Branwen saw that one was pointing up towards them and shouting. The other horsemen turned, drawing their swords.
Orders were bellowed. Some of the horsemen rode in among the foot soldiers, howling commands. In no more time than it took to draw three breaths, Branwen saw wedges of horsemen and warriors go streaming around either side of the hill, running fast, their swords and spears and iron helmets glinting.
‘They will cut us off from retreat!’ shouted Aberfa. ‘If we are to depart in safety, we must ride like the wind!’
‘It is too late for that,’ Branwen called. ‘We will be pursued and cut down.’
Even as she spoke, more soldiers and horsemen began to swarm up the hillside towards them. An arrow sang, skidding past Iwan’s shoulder.
‘Form a circle!’ Branwen howled, her eyes filled with the fearsome sight of the onrushing Saxon warriors. ‘Back to back! Let them see how the Gwyn Braw meet their end!’
‘And let us take as many of them as we can to the halls of Annwn!’ shouted Dera, her sword ringing as she drew it.
They pulled their horses back from the brow of the hill, gathering together in a gap between two clusters of trees.
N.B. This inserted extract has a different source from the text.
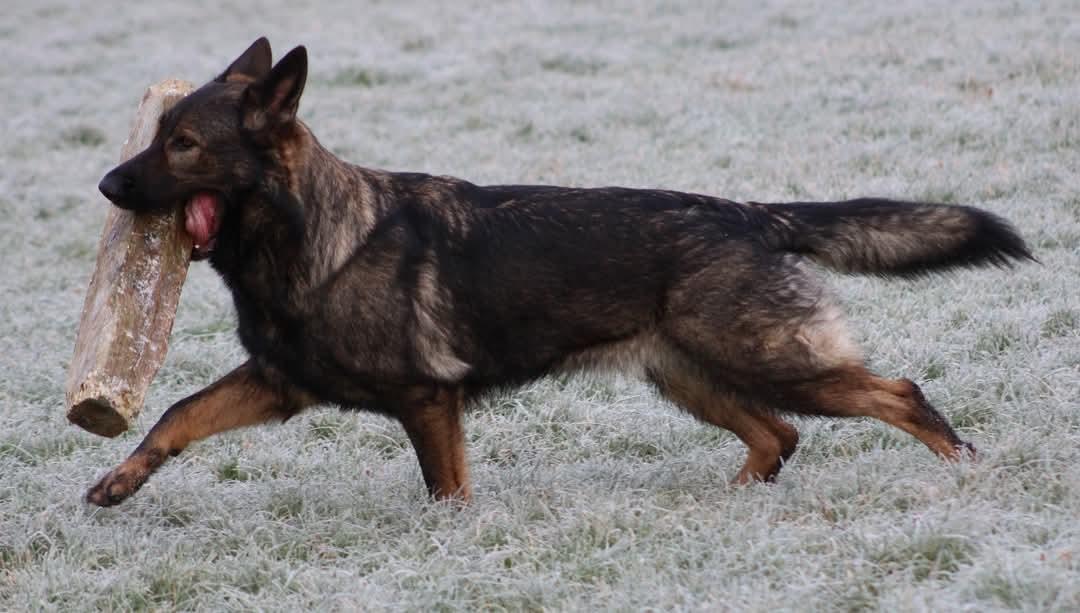 Schæferhund Bayogi Queen. (Enya). billede 41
Branwen stroked Fain’s feathers.
‘Fly to the trees, my brave one,’ she murmured to him. ‘You cannot aid me here – you are too badly hurt.’
The falc
on cawed once and then sprang from her shoulder, flying clumsily over their heads. Twice more he cried, as though wishing them well – or wishing them farewell – then he sped to the trees and Branwen lost sight of him in among the bare branches.
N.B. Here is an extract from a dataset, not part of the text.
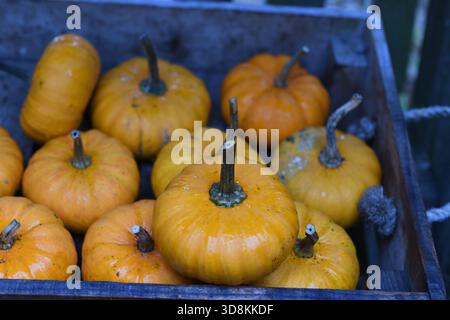Little pumpkins in wooden box Stock Photo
She looked for the last time into the faces of her companions. Iwan, smiling a little, as though ready to laugh in death’s face. Dera, grim and dark, her eyes burning. Banon, testing her bow-string with her thumb, her red hair blowing about her cheeks. Aberfa with her great limbs and her brow like a boulder, hefting a spear in her hand and watching for the first target to come within range.
And Rhodri, at her side now as they formed a defensive circle with their horses’ heads facing outwards. At her side, as he had always been since that first day of mist in the mountains when Rhiannon’s goraig-goblins had led her to him and she had knocked him off a cliff edge with a tree branch.
‘You were a fool ever to ride with me, Rhodri,’ she called to him – not for the first time. ‘And now your folly reaps its reward.’
‘Perhaps so,’ he replied. ‘But something within me says you are not destined to die here.’
‘Is that so?’ She could almost have smiled. ‘I’m glad to hear it. Although if you knew the doom that Ragnar has planned for me, you might think death less of a burden.’
He frowned, then a look of alarm came into his face, as though he had somehow understood what she meant. ‘No,’ he said. ‘The Shining Ones would never let that happen to you. Ragnar will not take you. Have no fear of that.’
‘The Shining Ones?’ said Branwen. ‘They cannot save us, Rhodri. I know what they said to Blodwedd – they have no power here. Rhiannon said it herself … they are bound to the land and can do nothing to alter the course of the battle that is to come. She was speaking of this battle, Rhodri.’
‘They are upon us!’ hissed Aberfa. ‘Farewell, friends, we will meet again in Annwn!’
Branwen turned her face outwards, bringing her shield rim up to her eyes, tightening her fist around her sword hilt, gripping hard with her knees around Terrwyn’s sturdy body.